Madge, Viola, and Lady Cheshunt are assembled in Mrs. Penwyn’s dressing-room, a long, low room, with a wide and deep bow-window at one end, and three other old-fashioned windows, with broad cushioned seats therein—a room made for lounging and pleasant idleness, and half-hours with the best authors. Every variety of the genus easy chair is there, chintz-covered, and blossoming with all the flowers of the garden, as they only bloom upon chintz, large, gorgeous, and unaffected by aphides or blight of any kind. There are tables here and there—gipsy tables, loaded with new books and other trumpery. There is a large Duchesse dressing table in one of the windows, and an antique ebony wardrobe, with richly carved doors, in a convenient recess; but baths, and all the paraphernalia of the toilet, are in a small chamber adjoining; this large apartment being rather a morning-room, or boudoir, than dressing-room proper.

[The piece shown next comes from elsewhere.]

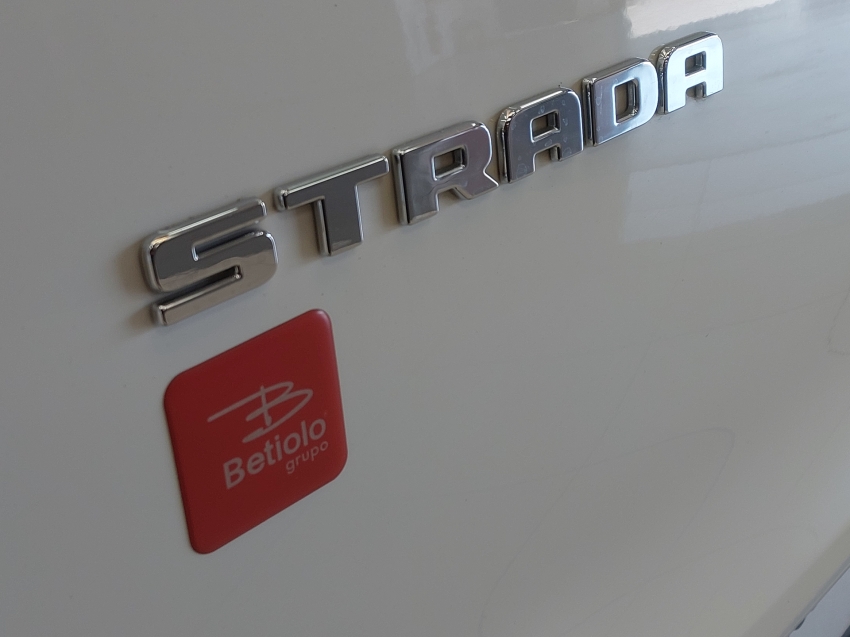 fiat strada 1.3 firefly flex freedom cd manual 4p 202317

There are water-colour landscapes and little bits of genre on the walls, by famous modern masters; a portrait of Churchill Penwyn, in crayon, hangs over the velvet-covered mantel-board; there are dwarf bookcases containing Madge’s own particular library, the poets, old and new, Scott, Bulwer, Dickens, Thackeray, Carlyle; altogether the room has just those homely lovable characteristics which make rooms dear to their owners.